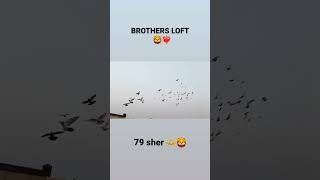 BROTHERS LOFT BAREILLY ❤️‍🔥 youtubeshorts pigeonlover kabutarbazi trending viralshorts love [upl. by Rehpitsirhc]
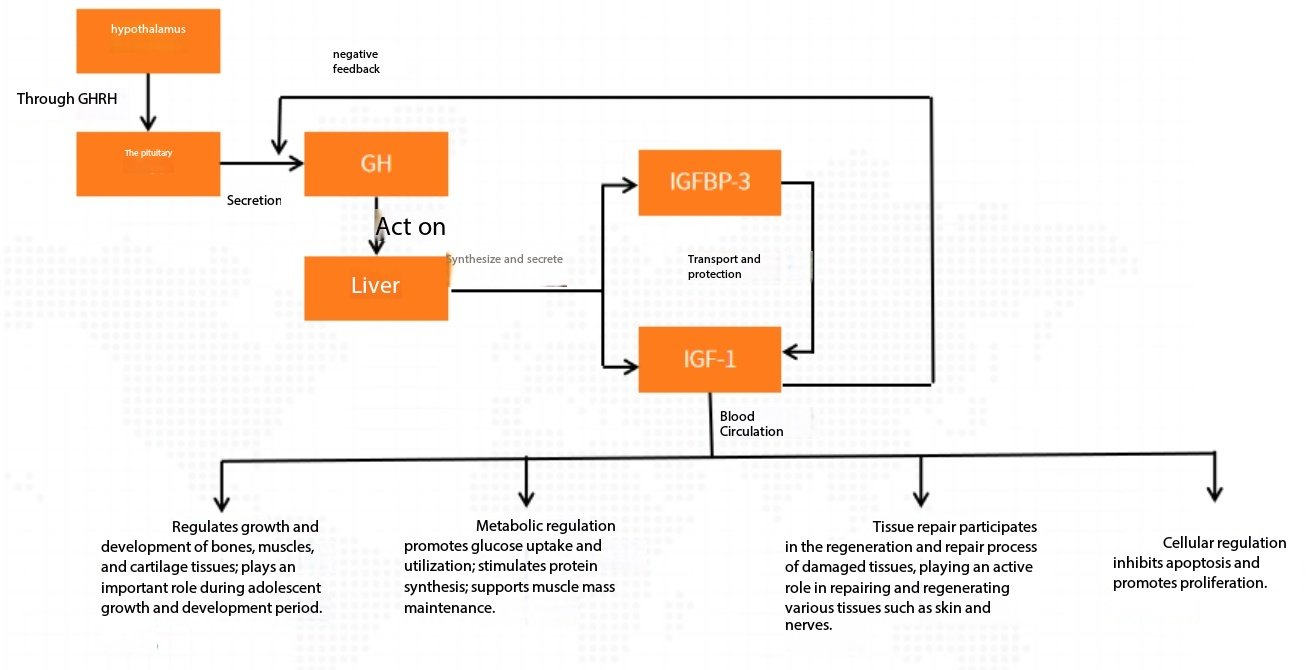 The Mysterious Force Regulating Female Health: Hormones and Immunoassay Technology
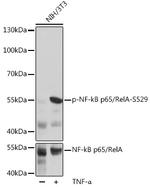 Phospho-NFkB p65 (Ser529) Antibody in Western Blot (WB)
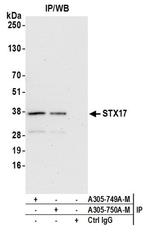 STX17 Polyclonal Antibody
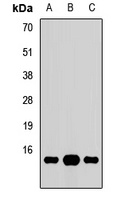 GNG10 Rabbit Polyclonal Antibody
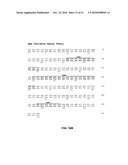 EphA2 AGONISTIC MONOCLONAL ANTIBODIES AND METHODS OF USE THEREOF diagram and image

WHAT YOU HAVE TO DO >>
Only the lines from the start of the records to the line with "GNG10 Rabbit Polyclonal Antibody" belong in the copy. Print them exactly, minus pictures.

EXERCISE RESPONSE >>
 BROTHERS LOFT BAREILLY ❤️‍🔥 youtubeshorts pigeonlover kabutarbazi trending viralshorts love [upl. by Rehpitsirhc]
 The Mysterious Force Regulating Female Health: Hormones and Immunoassay Technology
 Phospho-NFkB p65 (Ser529) Antibody in Western Blot (WB)
 STX17 Polyclonal Antibody
 GNG10 Rabbit Polyclonal Antibody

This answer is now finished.